Les images de l'agression hier soir des deux responsables de "Reconquêtes!", Stanislas Rigault et Denis Cieslik à la Gare de Metz, alors qu'ils venaient d'assister au meeting d'Eric Zemmour

par Jeanmarcmorandini.com

Après le meeting d'Eric Zemmour à Metz, Stanislas Rigault le patron de Génération Z et Denis Cieslik, Responsable des parrainages et porte-parole du parti Reconquête! ont été agressés à la gare par une dizaine de jeunes les traitant de "fils de pute” ou encore de “sale pd” selon les images diffusées sur les réseaux sociaux et en particulier par Jules Torres journaliste politique au magazine Valeurs Actuelles.
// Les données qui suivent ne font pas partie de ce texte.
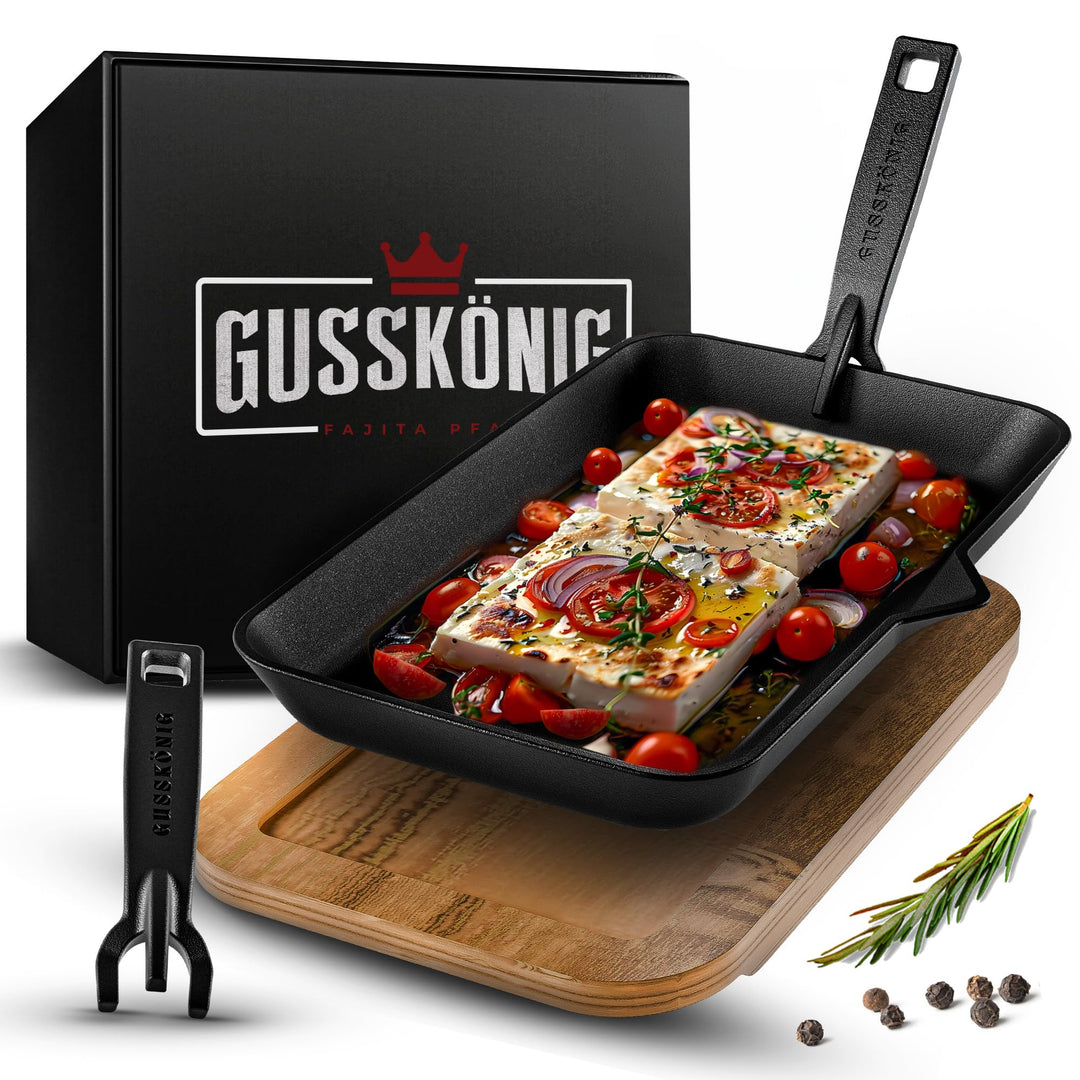 GUSSKÖNIG Fajita-Pfanne aus Gusseisen inkl. Sossenschale &amp; Servierbrett aus Akazienholz - Gusseisen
Les deux responsables politiques ont visiblement été repérées alors qu'ils étaient en train de fumer à l'extérieur de la Gare, alors qu'ils étaient venus pour assister au meeting de leur leader.

Durant son discours quelques heures plus tôt à Metz, Eric Zemmour a renvoyé dos à dos Emmanuel Macron, cité seize fois, et Marine Le Pen, critiquée à neuf reprises, espérant éviter un nouveau duel entre ses deux rivaux.

"Aujourd'hui, ils sont en train de tenter de vous voler l'élection. Ils veulent réinstaurer le match Le Pen-Macron dont vous ne vouliez plus, cette finale sans aucun suspense, ce spectacle de catch où tout est truqué, entre l'éternel adolescent et l'éternelle perdante", a lancé le candidat à la présidentielle, qui plafonne entre 11 et 13% des intentions de vote et traverse une séquence délicate depuis le déclenchement de la guerre en Ukraine.

"Ils organisent la réélection de Macron, et c'est Marine Le Pen qui lui fera la courte échelle. Elle l'a déjà fait une fois, elle connaît son rôle par coeur", a martelé Eric Zemmour.

"Marine Le Pen ne peut pas gagner et ne le pourra jamais: elle a perdu en 2012, elle a perdu en 2017, elle perdra en 2022, en 2027, en 2032. Nous en avons assez de ces défaites!", a-t-il insisté.